In addition to being highly successful as a teaching/learning device, the system, known as Mark I, has the additional advantages of low production cost coupled with low update cost--a significant item. A variety of sound tracks to the same video presentation makes the system multilingual. The outstanding feature is the transmission and storage capacity. A standard one-hour, one-inch videotape will contain 30 times the capacity of existing systems, or the equivalent of 30 one-hour programs. From within any of the groups of 30 segments, any number of programs can be reproduced simultaneously on different television sets. An individual user would have access to all programs on the tape, with the capability of selecting, stopping, and repeating at will.
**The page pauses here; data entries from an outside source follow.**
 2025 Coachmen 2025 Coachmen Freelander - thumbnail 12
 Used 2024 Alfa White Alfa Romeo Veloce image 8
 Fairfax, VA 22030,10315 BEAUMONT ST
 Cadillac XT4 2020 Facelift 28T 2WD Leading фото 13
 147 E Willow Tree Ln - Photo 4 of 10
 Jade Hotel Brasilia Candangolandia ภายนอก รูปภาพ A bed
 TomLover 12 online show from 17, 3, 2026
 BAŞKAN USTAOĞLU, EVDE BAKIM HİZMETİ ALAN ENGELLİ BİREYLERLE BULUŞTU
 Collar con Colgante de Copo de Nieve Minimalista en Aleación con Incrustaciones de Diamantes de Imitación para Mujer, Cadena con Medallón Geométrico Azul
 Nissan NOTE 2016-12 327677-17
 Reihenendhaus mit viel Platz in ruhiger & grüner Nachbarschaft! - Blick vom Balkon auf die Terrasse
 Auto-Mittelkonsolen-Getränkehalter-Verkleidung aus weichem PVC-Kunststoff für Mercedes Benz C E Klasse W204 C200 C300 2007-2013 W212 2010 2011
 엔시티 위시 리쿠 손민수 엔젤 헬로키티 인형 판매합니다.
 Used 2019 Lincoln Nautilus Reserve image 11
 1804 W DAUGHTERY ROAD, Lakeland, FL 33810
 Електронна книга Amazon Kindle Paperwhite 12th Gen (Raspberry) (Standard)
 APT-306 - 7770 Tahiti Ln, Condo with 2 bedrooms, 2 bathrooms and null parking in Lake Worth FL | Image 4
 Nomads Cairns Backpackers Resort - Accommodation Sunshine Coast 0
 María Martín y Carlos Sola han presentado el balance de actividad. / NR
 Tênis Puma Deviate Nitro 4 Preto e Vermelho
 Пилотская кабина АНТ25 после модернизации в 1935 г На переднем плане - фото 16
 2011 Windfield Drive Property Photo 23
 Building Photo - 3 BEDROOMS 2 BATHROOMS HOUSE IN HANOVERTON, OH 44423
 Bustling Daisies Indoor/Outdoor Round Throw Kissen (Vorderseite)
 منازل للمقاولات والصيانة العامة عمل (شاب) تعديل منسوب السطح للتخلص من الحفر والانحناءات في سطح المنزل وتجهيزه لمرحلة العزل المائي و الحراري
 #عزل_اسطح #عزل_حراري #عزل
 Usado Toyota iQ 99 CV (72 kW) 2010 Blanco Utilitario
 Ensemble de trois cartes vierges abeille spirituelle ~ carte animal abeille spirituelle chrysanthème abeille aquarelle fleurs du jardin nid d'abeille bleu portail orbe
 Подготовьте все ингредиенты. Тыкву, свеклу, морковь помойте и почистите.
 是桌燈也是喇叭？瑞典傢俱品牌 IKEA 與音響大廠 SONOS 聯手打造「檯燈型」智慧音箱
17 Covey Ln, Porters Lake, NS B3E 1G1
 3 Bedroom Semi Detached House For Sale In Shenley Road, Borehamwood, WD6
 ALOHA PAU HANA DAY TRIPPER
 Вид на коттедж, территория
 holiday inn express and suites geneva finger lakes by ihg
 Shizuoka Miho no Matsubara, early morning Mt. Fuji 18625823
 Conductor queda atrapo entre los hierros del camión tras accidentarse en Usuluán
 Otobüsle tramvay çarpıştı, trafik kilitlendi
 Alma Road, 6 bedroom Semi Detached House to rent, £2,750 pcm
The RTS programs can be transmitted over standard television station cables, microwave, or satellites. The high-density storage capability of the system is paralleled by extremely high transmission efficiency by compression of data at a 15-to-l ratio. During a hypothetical eight-hour period, when a television station or satellite might normally be off the air, approximately 240 different half-hour lessons could be transmitted, received, and stored. This system, with its high efficiency not only in rapid transmission and low-bulk storage but in low cost of updating, should find widespread application in the Department of Defense as one of the primary components of alternative instructional delivery systems in the future.

The roundness of the world introduces constraints on the typical line-of-sight communications systems. Whereas the "High Antenna" project conducted by Purdue University, using an airplane as a broadcasting station, was able to broadcast television programs to hundreds of Midwest schools, a satellite independent of atmospheric interference and weather phenomena offers unparalleled opportunity for maximum coverage.

Such a potential was demonstrated in May 1965 when a high school class in West Bend, Wisconsin, and a class at the Lycée Henri IV of Paris, France, linked up via Early Bird satellite for a joint one-hour class. Since that time numerous experimental and prototype programs have been conducted. Under the present leadership of the National Institute of Education, the goal of a national educational network is fast approaching realization.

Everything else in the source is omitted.